# How to Uninstall OBS Virtual Camera?



## fzberlinches (Aug 2, 2021)

Hi, last week I've installed last version of OBS on my Mac (macOS Big Sur). After a few tests with the virtual camera I uninstalled the software but the virtual camera is still on the cameras list in every browser I have.

I've tried to uninstall the software with the appCleaner software and similar, but with the same results. I've also tried to reboot the computer, the browsers, looking manually for any folder related with the OBS, etc.

As far as I know I have nothing related with OBS on my laptop but the camera virtual is still on the browsers.


----------



## tinusriyanto (Aug 2, 2021)

This is the uninstall method listed on the github page of the original plugins prior to being merged into OBS (https://github.com/johnboiles/obs-mac-virtualcam)

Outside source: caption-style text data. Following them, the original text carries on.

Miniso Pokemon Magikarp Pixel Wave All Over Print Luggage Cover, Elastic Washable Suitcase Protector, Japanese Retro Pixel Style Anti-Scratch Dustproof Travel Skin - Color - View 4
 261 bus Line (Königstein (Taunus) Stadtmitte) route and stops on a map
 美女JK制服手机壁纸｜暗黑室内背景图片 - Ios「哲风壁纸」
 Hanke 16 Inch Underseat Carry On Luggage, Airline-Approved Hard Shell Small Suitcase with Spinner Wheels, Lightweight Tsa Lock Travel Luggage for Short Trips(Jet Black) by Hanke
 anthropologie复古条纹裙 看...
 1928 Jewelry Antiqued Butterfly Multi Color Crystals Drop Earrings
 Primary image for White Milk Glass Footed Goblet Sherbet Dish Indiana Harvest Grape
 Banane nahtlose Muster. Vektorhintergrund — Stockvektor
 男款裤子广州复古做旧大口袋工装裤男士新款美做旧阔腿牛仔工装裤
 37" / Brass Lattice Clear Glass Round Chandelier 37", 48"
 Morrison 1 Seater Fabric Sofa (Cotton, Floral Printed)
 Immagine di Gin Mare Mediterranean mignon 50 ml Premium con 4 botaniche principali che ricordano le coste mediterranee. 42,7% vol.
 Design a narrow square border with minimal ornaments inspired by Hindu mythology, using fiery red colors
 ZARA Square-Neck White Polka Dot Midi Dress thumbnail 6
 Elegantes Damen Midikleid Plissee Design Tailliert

You can easily uninstall this plugin by deleting the OBS plugin (in /Library/Application\ Support/obs-studio/plugins/) and the DAL plugin (in /Library/CoreMediaIO/Plug-Ins/DAL/).
sudo rm -rf /Library/CoreMediaIO/Plug-Ins/DAL/obs-mac-virtualcam.plugin
sudo rm -rf /Library/Application\ Support/obs-studio/plugins/obs-mac-virtualcam

I think the second line is not needed since in my current machine I cannot find that folder


----------



## fzberlinches (Aug 2, 2021)

I've also tried that lines but I don't have any of that folders.


----------